WORKING DATA section start

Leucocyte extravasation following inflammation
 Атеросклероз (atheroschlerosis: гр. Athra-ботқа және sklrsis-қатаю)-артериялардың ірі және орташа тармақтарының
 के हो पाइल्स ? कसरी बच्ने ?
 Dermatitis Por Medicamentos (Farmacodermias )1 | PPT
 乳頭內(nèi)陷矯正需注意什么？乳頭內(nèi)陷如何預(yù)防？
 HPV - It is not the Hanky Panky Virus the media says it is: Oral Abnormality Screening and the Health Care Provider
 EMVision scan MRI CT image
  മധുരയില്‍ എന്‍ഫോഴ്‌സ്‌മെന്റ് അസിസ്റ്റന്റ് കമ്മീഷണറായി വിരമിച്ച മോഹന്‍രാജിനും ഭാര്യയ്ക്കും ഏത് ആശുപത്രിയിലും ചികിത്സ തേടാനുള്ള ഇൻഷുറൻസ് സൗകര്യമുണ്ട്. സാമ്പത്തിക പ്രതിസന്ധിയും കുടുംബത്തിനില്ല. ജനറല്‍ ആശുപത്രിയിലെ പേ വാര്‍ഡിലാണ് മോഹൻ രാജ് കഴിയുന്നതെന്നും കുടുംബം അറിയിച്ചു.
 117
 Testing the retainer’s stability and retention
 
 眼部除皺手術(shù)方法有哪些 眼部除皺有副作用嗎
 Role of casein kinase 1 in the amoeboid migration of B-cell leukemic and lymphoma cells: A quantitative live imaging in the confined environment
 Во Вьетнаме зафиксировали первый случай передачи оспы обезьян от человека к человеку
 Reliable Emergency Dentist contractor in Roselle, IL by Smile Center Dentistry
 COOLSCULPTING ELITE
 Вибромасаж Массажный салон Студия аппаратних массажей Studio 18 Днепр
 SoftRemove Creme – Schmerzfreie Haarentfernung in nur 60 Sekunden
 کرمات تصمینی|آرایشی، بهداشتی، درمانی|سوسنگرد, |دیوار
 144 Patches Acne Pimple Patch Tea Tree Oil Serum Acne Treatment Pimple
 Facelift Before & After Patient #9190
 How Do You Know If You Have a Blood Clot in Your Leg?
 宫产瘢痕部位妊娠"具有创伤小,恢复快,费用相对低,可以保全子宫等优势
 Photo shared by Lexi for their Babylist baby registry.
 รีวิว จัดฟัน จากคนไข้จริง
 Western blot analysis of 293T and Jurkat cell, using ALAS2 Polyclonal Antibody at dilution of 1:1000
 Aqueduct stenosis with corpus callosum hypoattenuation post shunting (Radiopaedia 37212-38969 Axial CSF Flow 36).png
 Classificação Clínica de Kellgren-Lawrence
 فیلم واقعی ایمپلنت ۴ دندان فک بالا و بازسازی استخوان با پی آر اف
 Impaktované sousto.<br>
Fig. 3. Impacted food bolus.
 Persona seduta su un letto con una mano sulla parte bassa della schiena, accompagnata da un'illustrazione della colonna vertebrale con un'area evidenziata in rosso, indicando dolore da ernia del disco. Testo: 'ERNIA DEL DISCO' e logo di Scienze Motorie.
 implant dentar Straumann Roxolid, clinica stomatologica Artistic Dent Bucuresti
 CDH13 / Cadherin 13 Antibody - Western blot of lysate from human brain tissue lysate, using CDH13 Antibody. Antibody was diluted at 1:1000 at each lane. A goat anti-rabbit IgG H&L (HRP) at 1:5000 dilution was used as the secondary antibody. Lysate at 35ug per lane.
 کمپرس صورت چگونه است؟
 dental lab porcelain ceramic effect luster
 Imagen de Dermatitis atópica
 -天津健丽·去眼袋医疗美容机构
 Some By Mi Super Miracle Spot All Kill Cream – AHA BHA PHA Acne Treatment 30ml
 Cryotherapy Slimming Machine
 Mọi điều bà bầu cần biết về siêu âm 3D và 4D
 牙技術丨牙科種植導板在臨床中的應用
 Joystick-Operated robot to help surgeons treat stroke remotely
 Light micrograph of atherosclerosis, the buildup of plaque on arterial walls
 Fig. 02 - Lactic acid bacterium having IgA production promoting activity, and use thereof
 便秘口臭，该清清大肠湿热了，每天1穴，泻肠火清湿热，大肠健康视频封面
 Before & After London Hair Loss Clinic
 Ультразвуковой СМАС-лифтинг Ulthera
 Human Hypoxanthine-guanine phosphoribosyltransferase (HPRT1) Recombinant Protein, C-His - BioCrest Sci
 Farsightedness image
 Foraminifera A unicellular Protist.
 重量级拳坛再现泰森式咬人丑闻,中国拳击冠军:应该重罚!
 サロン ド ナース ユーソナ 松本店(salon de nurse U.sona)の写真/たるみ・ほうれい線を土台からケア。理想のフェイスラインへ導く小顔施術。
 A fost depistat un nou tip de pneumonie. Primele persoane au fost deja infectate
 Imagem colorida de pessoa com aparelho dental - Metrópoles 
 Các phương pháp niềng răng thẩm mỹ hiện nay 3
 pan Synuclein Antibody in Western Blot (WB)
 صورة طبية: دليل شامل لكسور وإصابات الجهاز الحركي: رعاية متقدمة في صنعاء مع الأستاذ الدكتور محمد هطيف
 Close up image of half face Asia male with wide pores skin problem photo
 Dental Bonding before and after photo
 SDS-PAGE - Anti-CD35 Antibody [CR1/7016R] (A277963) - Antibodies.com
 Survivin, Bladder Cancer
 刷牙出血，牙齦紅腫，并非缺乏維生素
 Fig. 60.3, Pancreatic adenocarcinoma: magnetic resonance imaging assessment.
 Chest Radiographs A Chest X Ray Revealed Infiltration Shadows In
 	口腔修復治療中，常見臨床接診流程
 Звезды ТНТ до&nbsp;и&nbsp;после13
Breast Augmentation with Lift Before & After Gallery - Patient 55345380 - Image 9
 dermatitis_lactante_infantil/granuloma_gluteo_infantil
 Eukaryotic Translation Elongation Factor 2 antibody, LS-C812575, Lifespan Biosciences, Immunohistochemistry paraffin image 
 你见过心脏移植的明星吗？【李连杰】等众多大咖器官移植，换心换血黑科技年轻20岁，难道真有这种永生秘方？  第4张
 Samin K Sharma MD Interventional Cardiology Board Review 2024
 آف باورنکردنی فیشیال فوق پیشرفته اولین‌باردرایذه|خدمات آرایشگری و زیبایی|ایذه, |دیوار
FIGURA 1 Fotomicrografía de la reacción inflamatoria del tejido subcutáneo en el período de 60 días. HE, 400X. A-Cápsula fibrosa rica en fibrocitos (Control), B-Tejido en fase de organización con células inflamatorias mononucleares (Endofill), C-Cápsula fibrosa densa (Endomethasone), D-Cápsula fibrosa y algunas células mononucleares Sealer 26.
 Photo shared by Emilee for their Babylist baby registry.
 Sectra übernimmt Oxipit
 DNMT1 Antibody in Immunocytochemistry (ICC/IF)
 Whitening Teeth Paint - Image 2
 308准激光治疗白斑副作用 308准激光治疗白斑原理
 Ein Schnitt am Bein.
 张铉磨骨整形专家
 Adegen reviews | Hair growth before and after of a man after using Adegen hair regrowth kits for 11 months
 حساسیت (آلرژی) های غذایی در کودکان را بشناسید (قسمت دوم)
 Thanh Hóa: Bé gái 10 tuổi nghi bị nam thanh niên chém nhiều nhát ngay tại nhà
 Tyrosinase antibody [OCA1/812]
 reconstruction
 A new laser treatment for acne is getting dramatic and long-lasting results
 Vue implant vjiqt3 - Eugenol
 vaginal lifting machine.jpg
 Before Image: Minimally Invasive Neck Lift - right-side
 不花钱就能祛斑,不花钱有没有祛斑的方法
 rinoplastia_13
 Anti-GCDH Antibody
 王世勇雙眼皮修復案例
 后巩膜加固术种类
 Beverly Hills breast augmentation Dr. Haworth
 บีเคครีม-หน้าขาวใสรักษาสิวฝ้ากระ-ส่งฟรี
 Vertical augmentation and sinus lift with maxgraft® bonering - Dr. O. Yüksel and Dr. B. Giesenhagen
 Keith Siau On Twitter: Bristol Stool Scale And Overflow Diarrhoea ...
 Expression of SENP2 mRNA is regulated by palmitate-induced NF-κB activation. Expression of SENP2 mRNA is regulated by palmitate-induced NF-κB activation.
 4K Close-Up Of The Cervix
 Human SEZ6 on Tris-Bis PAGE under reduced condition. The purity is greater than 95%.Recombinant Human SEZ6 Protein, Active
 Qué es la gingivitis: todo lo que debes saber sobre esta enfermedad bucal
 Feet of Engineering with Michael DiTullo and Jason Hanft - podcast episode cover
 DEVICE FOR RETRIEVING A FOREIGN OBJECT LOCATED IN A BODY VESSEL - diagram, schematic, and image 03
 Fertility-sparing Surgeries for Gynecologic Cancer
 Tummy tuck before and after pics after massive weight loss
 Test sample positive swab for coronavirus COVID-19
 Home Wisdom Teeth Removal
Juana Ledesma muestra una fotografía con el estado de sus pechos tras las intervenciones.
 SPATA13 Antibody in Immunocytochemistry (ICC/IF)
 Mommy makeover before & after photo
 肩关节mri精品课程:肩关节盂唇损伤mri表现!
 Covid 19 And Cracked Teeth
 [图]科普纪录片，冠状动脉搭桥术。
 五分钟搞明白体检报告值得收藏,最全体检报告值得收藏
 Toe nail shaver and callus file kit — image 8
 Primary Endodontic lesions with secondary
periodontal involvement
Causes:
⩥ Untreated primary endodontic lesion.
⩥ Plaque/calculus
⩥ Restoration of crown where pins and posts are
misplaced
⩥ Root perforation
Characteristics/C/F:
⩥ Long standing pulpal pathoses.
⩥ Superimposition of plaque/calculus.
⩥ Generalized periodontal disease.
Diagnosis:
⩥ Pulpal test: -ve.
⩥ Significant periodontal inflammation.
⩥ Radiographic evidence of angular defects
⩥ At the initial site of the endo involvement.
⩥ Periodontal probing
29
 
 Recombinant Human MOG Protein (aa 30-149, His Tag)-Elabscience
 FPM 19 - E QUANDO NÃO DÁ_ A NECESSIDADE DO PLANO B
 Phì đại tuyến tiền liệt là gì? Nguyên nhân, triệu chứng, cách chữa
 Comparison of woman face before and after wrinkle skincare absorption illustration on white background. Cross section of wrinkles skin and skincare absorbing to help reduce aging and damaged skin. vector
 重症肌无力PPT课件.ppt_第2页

WORKING DATA section end

WHAT YOU ARE ASKED TO DO: Please output exactly the lines between the one holding "Photo shared by Lexi" and the one holding "Western blot analysis" in the records above, inclusive, and nothing more.

OUTPUT OF THE TASK:
 Photo shared by Lexi for their Babylist baby registry.
 รีวิว จัดฟัน จากคนไข้จริง
 Western blot analysis of 293T and Jurkat cell, using ALAS2 Polyclonal Antibody at dilution of 1:1000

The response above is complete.